On the Use of Sound Spectral Analysis for the In Situ Assessment of Structural Timber

This paper focuses on the possibility of using sound spectral analysis as a diagnostic technique for the assessment of existing timber structures. The basic idea is to perform a spectral analysis, through the Fast Fourier Transform (FFT) algorithm, of the sound (recorded by a smartphone microphone) that is produced by hitting the wood surface of the element with a hammer or an equivalent tool. The sound spectrum is compared to a reference spectrum obtained for sound wood in standard environmental conditions in order to detect the presence of damage or decay. Differently from "classic" stress wave propagation methods that are based on the determination of the time-of-flight of the stress wave, the proposed technique relies on the local acoustic properties of wood.
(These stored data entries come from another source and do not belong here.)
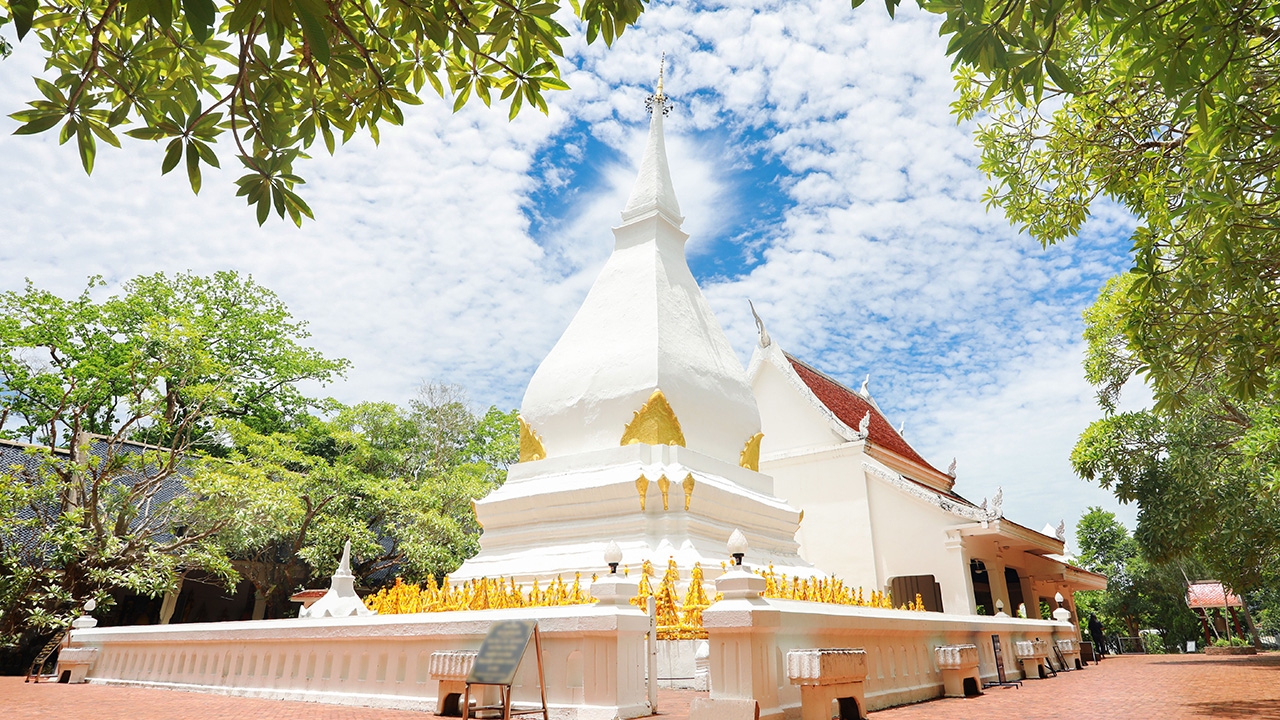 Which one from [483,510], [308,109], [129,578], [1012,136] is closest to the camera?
[308,109]

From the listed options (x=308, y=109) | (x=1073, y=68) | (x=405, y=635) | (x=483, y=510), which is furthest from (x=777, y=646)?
(x=483, y=510)

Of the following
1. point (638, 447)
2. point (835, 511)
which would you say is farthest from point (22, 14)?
point (835, 511)

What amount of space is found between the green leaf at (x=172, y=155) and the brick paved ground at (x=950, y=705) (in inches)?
189

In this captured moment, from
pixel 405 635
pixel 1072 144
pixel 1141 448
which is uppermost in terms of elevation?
pixel 1072 144

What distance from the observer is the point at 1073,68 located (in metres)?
7.50

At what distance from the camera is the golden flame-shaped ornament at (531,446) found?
12.4m

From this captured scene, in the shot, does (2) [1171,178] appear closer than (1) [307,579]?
Yes

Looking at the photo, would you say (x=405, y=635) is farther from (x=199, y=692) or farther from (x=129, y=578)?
(x=129, y=578)

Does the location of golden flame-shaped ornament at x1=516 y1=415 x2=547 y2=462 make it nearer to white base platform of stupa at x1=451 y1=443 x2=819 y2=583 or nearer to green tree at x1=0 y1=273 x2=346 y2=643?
white base platform of stupa at x1=451 y1=443 x2=819 y2=583

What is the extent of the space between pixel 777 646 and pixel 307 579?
20.0 meters

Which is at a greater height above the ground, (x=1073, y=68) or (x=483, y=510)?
(x=1073, y=68)

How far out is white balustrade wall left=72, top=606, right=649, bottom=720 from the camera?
586 centimetres

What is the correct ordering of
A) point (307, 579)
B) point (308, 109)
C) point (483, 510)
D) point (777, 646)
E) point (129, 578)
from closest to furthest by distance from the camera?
point (308, 109)
point (777, 646)
point (483, 510)
point (129, 578)
point (307, 579)

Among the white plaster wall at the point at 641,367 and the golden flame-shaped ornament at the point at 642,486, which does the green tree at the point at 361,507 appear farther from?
the golden flame-shaped ornament at the point at 642,486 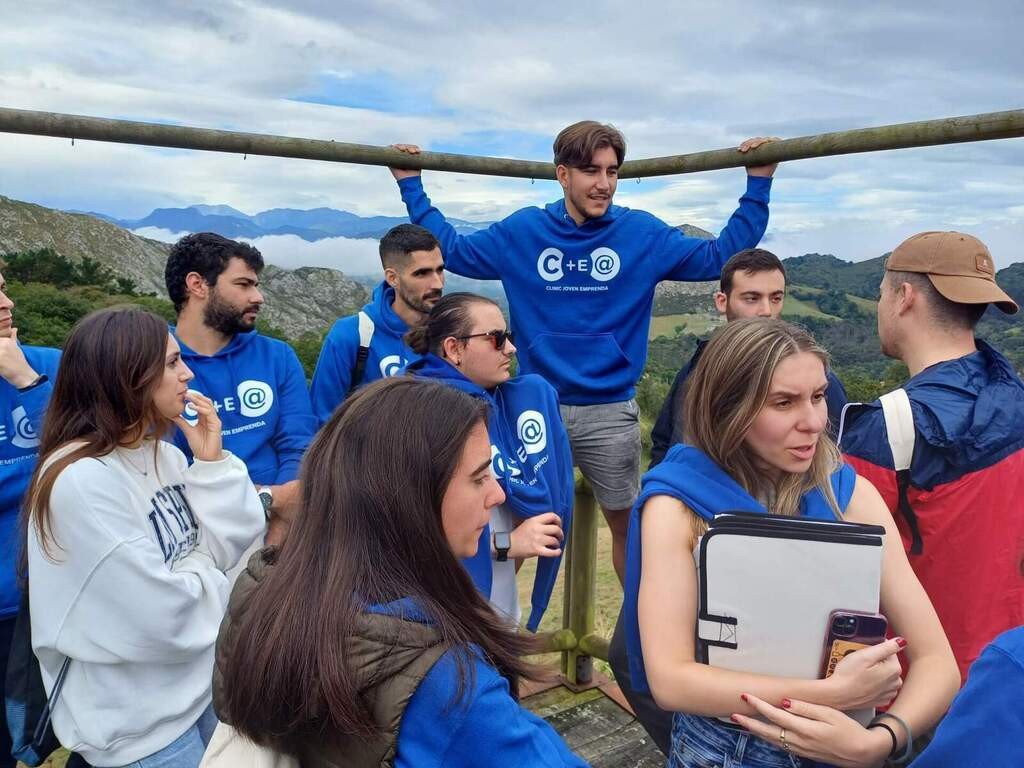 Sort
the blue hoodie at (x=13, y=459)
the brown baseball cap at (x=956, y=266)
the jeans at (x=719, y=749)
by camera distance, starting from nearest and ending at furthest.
Result: the jeans at (x=719, y=749)
the brown baseball cap at (x=956, y=266)
the blue hoodie at (x=13, y=459)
A first insight on the method applicability was obtained by testing the technique on several timber specimens in different conditions, from sound to completely decayed. Registration of the signals was performed by using two different mid-market smartphone models. Moment analysis, by calculating the spectral and frequency energy centroid of the sound spectra, was used to evaluate and compare numerous experimental recordings. The parameters that have the most significant impact on the sound signal (e.g. impact tool, microphone distance, boundary conditions, etc.) and that can negatively influence the assessment were then identified and investigated. Finally, pros and cons of the presented method and future developments are examined and discussed.